知る、理解、共感そして行動

「コミュニケーションとは要求である」。この言葉はかのドラッカーの言葉です。組織内のコミュニケーションにおいては、なんらかの要求があるということを意味しています。その要求とは、ある事象について知って欲しいというもの、その事象について理解して欲しいというもの、共感して欲しいというもの、そしてある行動をして欲しいというものがあります。
コミュニケーションをしている場面

コミュニケーションには明確な要求が必要



具体的な事象、例えばCSRで説明してみましょう。
CSRという概念を社員に知って欲しい。CSRの背景と目的について理解して欲しい。所属する企業が実践しているCSR活動について共感して欲しい。社員自らCSR活動を実践して欲しい。そのような要求、意図がある場合、例えば広報部から社員に対して、社内報でCSRの企画が掲載される等のコミュニケーションが行われることになるのです。

逆に言うと、このような明確な要求がないと、伝わるものも伝わらないと言うことができるでしょう。コミュニケーションを取ろうとする者は明確な要求、意図を持ち、その要求が最も実現しやすいコンテンツと手段を用いてコミュニケーションの相手にアプローチしていくことになります。要求レベルによって、表現すべきコンテンツ、取るべき手段が異なってくるので、その要求は明確にしておくことが必要となります。

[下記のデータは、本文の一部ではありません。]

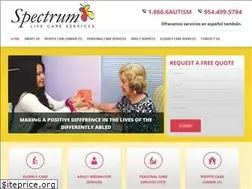 Sites similar to spectrumlifecare.com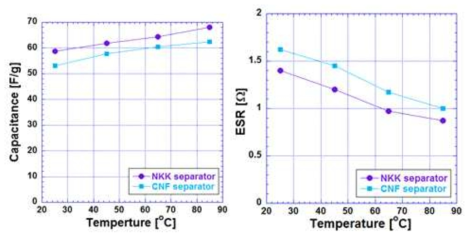 인쇄 분리막을 사용한 supercapacitor와 NKK 분리막을 사용한 Supercapacitor의 온도에 따른 Capacitance 및 ESR 변화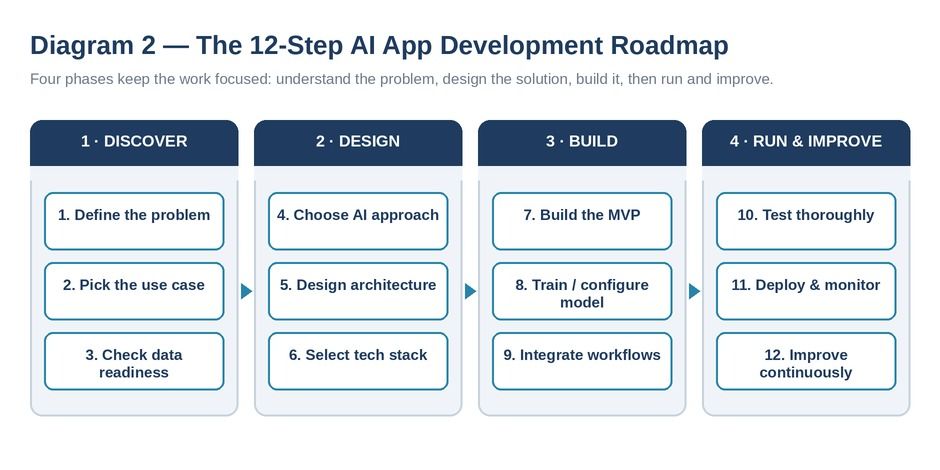 diagram_2_12_step_roadmap.jpg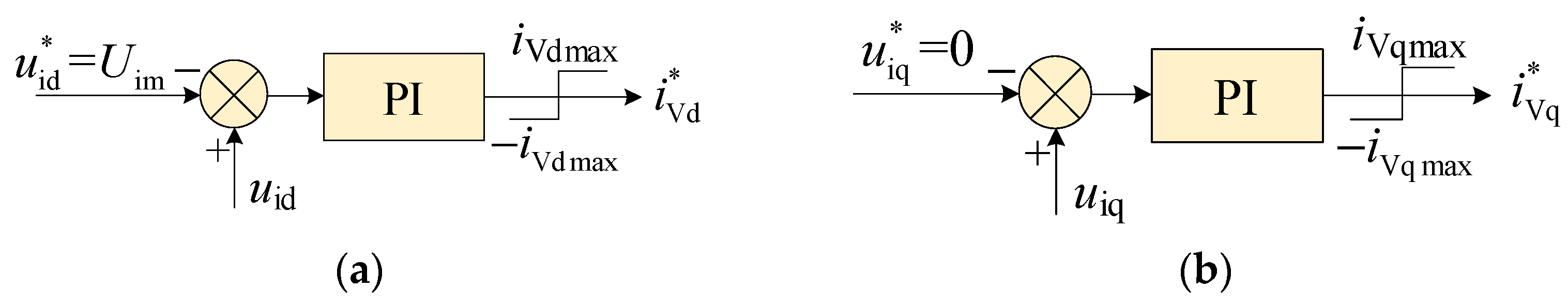 Energies 16 03474 g006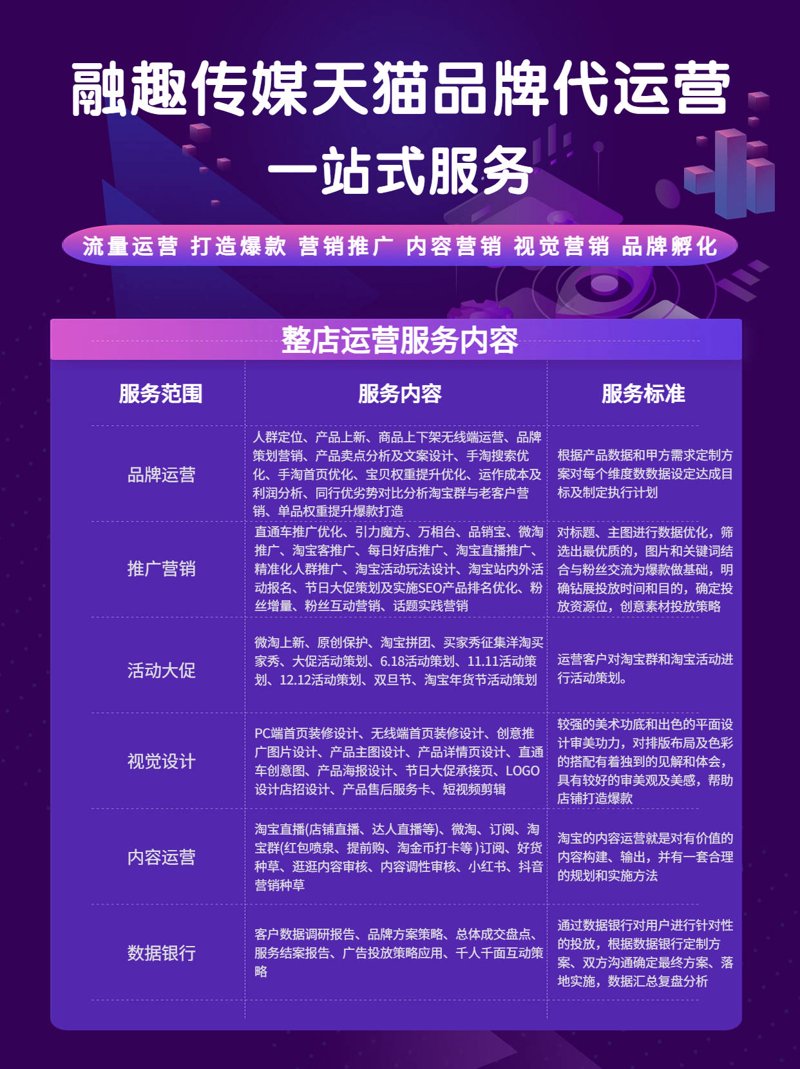 如何挑选适合的重庆电子商务公司？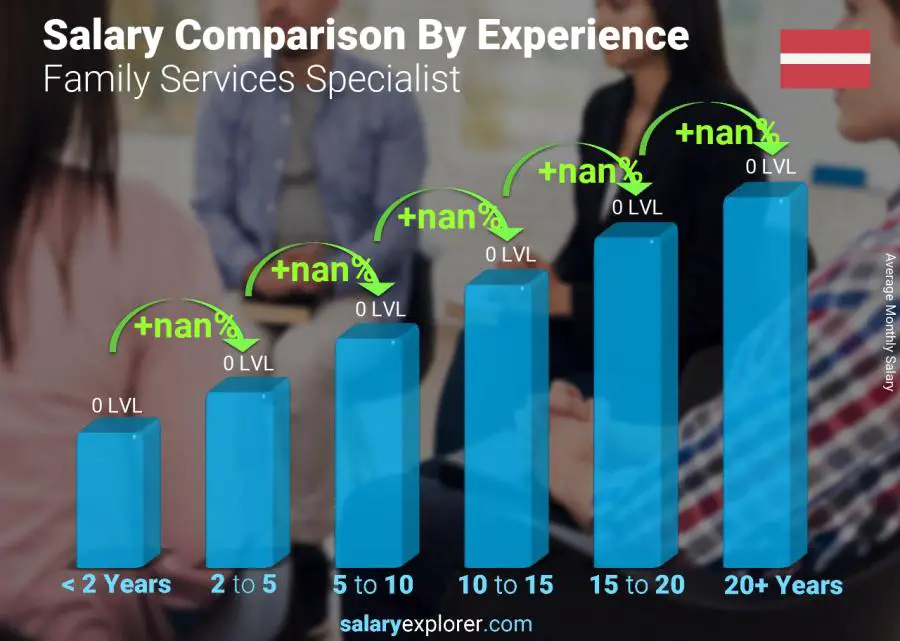 Salary comparison by years of experience monthly Latvia Family Services Specialist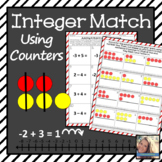 Integer Activity Counters and Numberlines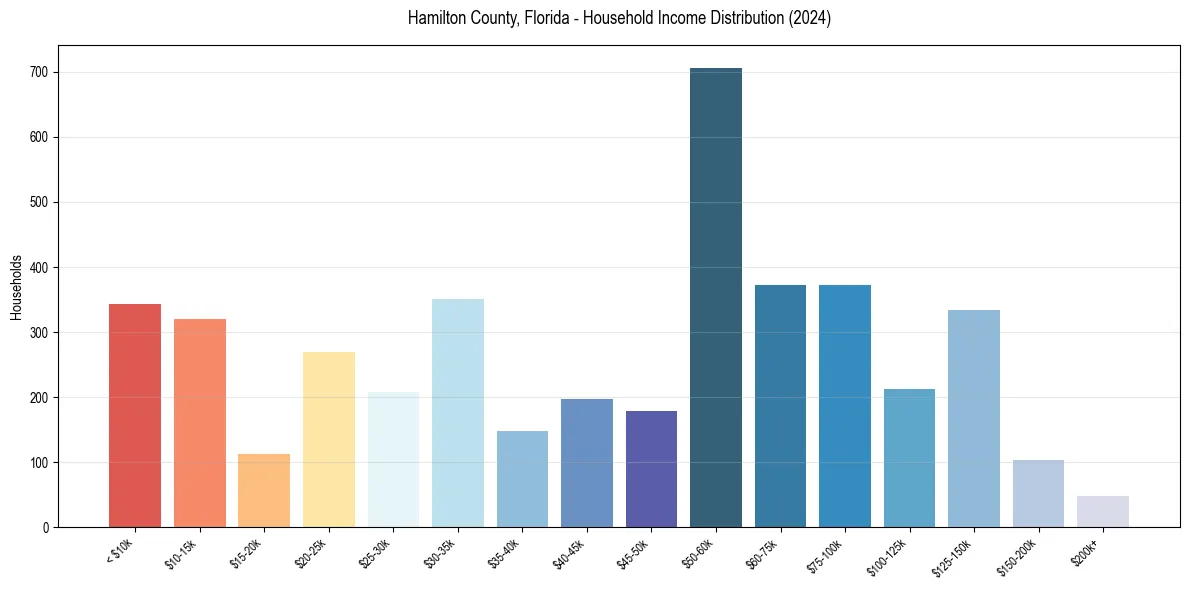 Income Distribution for 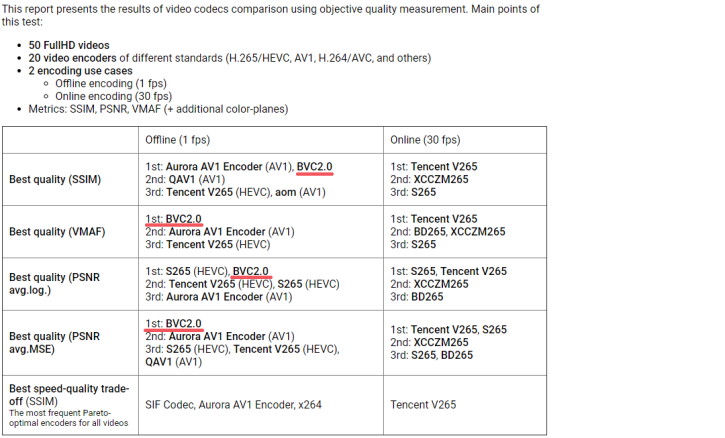 20210415-海外团队发力  字节跳动夺得视频编码器大赛世界冠军1309.png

また、相手に行動してもらおうと思ったら、先に記した、知る、理解、共感というプロセスが必要となり、行動まで到達するにはかなりハードルが高いということになります。

コミュニケーション・ツールの多様性

コミュニケーションが要求であるとすれば、下記に記す全てのものは社内コミュニケーション・ツールであるといえます。なにも社内コミュニケーション・ツールは社内報だけではないのです。

■ 社内報、社員手帳、手紙、パンフレット、カレンダー、電子メール、イントラネット、ホームページ、動画
■ 壁新聞、掲示(ホワイトボード)、ポスター、展示、放送、スライド、ビデオ、デジタルサイネージ
■ 勉強会、職場集会、会議、説明会、講演会、懇談会、朝礼
■ 各種運動(安全運動、提案制度など)、運動会、工場見学、慰安親睦会(社内旅行、新年会、パーティーなど)
■ 教育研修、小集団活動、プロジェクト活動、面接、改善提案制度、表彰制度

教育研修もこのような人材になって欲しいという要求の現れですから社内コミュニケーション・ツールのひとつとして考えても良いでしょう。